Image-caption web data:
....................

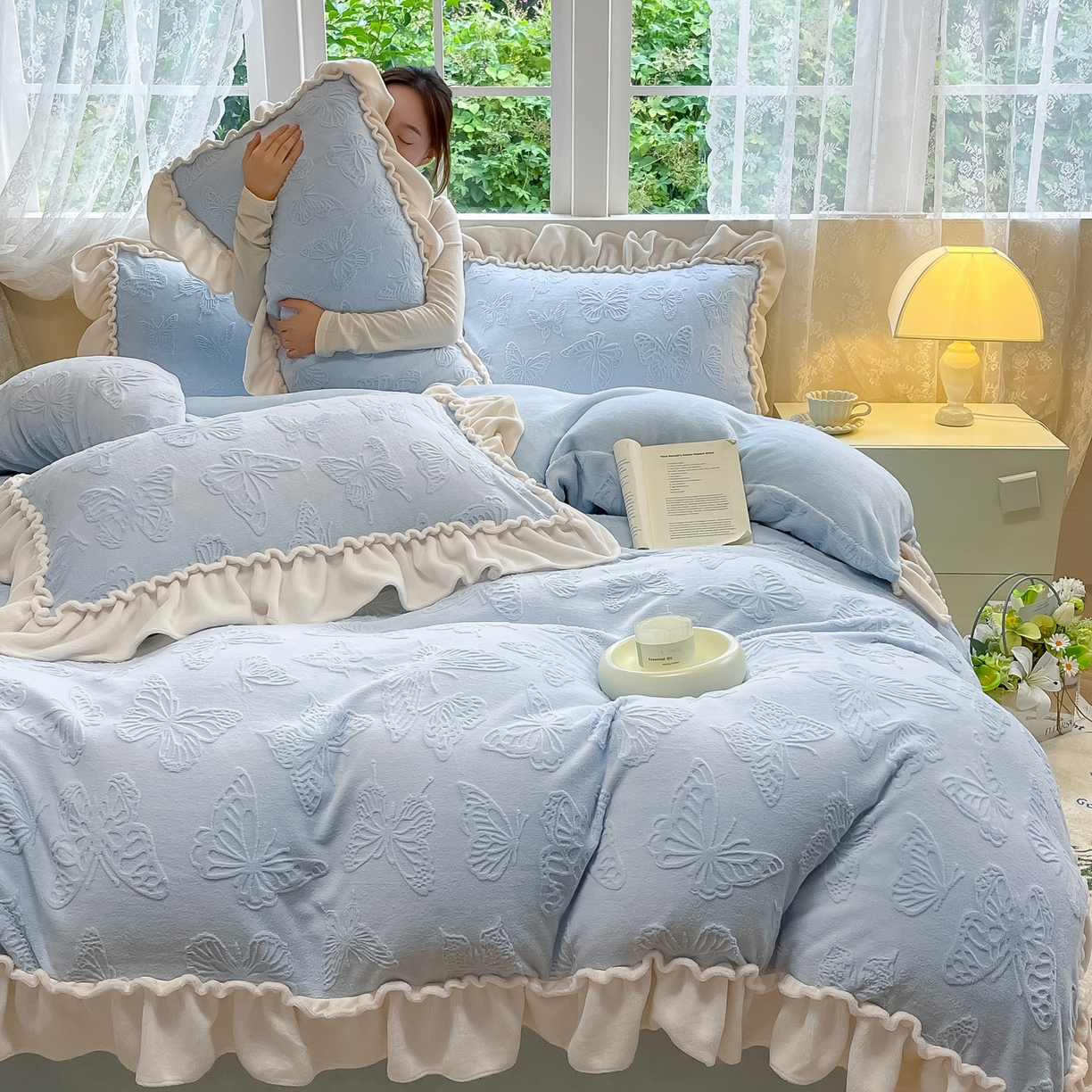 91家纺网 家纺一手货源 找家纺 水云缦 2025新款牛奶绒木耳边四件套-蝶舞 蝶舞-天空蓝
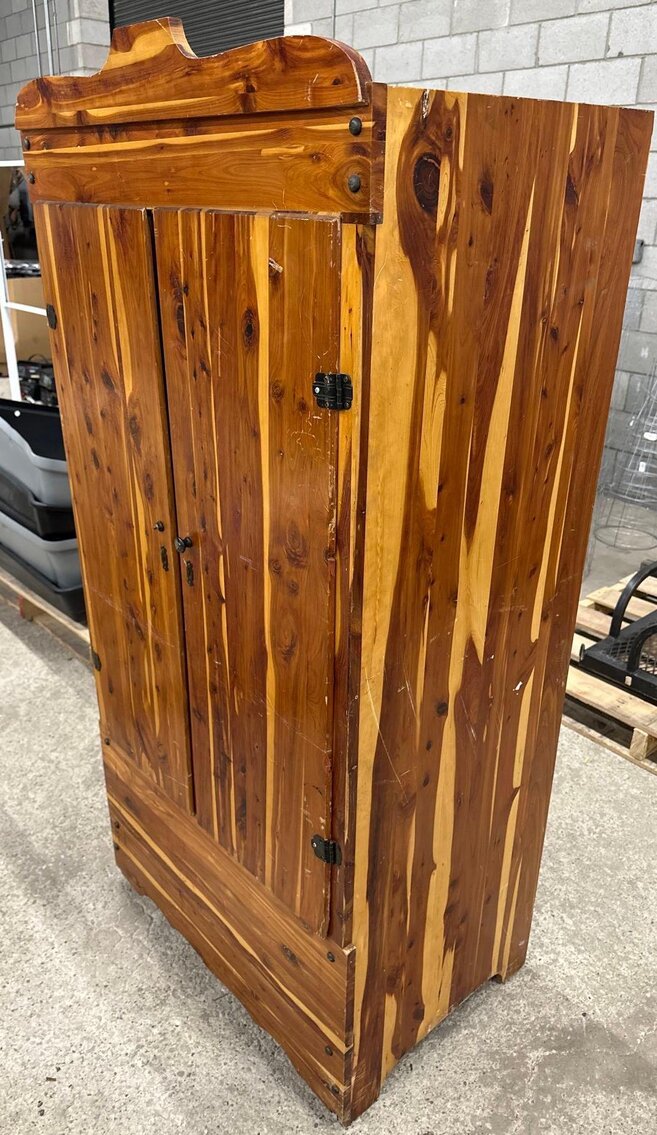 Image for Warehouse Liquidation - Mercedes Benz, Tools, Appliances, Furniture, Tile, Decor (Tracy)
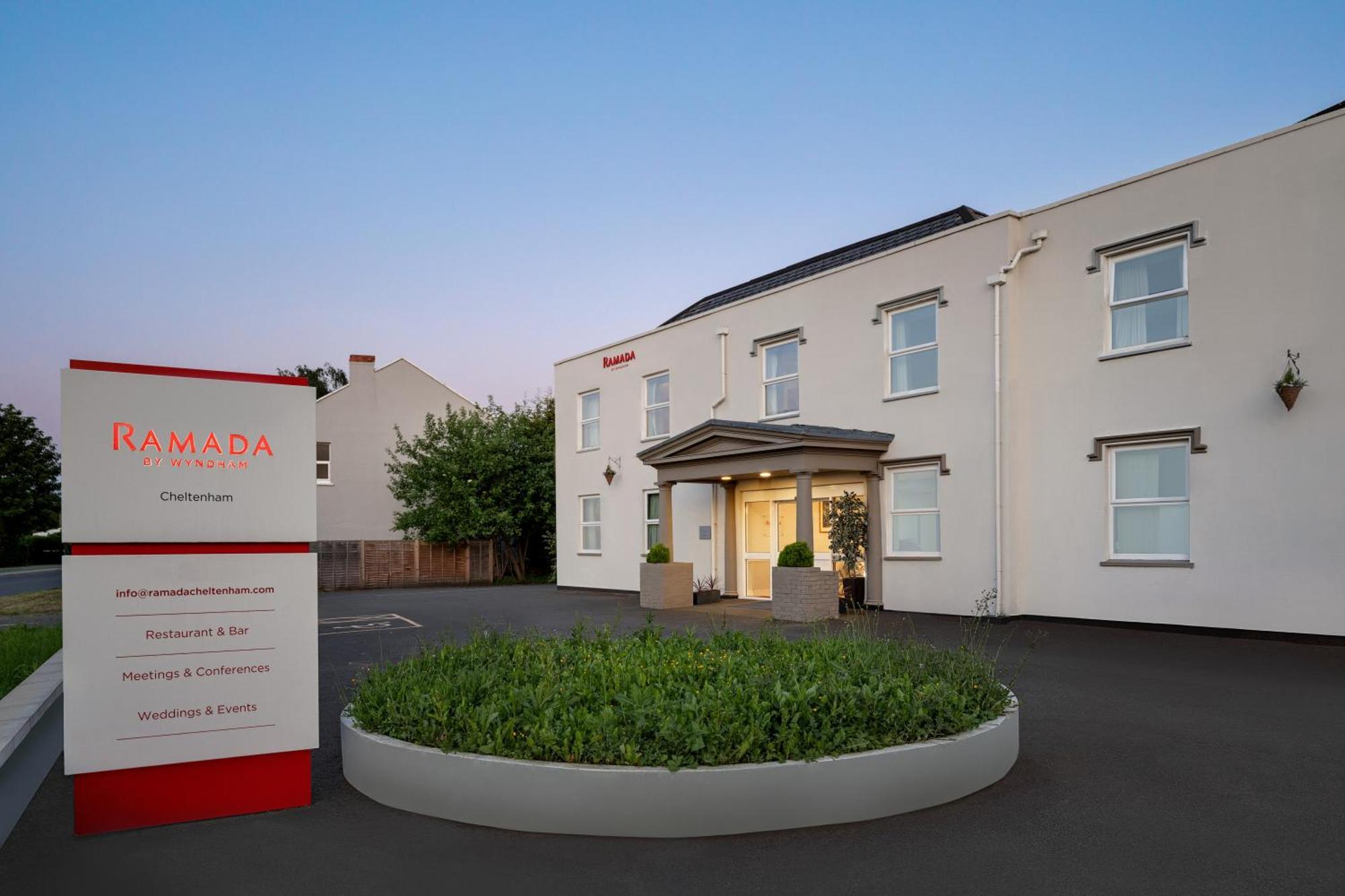 Hotel Ramada By Wyndham Cheltenham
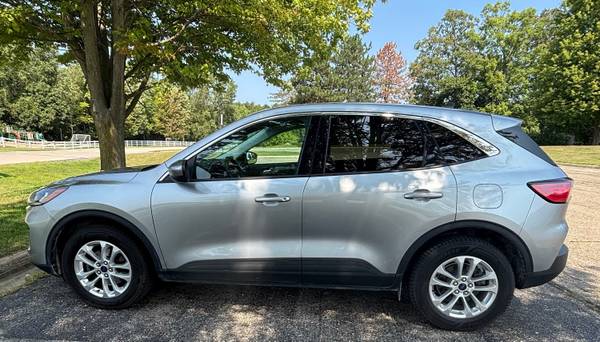 2021 Ford, dovoz USA — foto 4 z 12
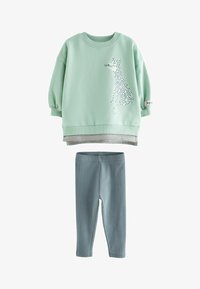 Unselected, green leopard character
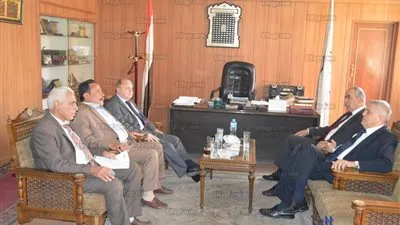  جبالى المراغي يعقد جلسة مباحثات مع وفد الاتحاد العمالي العام في لبنان (صور)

....................

§ What the task requires:
Quote exactly, and only, the lines from the line containing "2021 Ford, dovoz USA — foto 4 z 12" through the final line of the records above, both included, omitting any pictures.

§ Exercise solution:
 2021 Ford, dovoz USA — foto 4 z 12
 Unselected, green leopard character
  جبالى المراغي يعقد جلسة مباحثات مع وفد الاتحاد العمالي العام في لبنان (صور)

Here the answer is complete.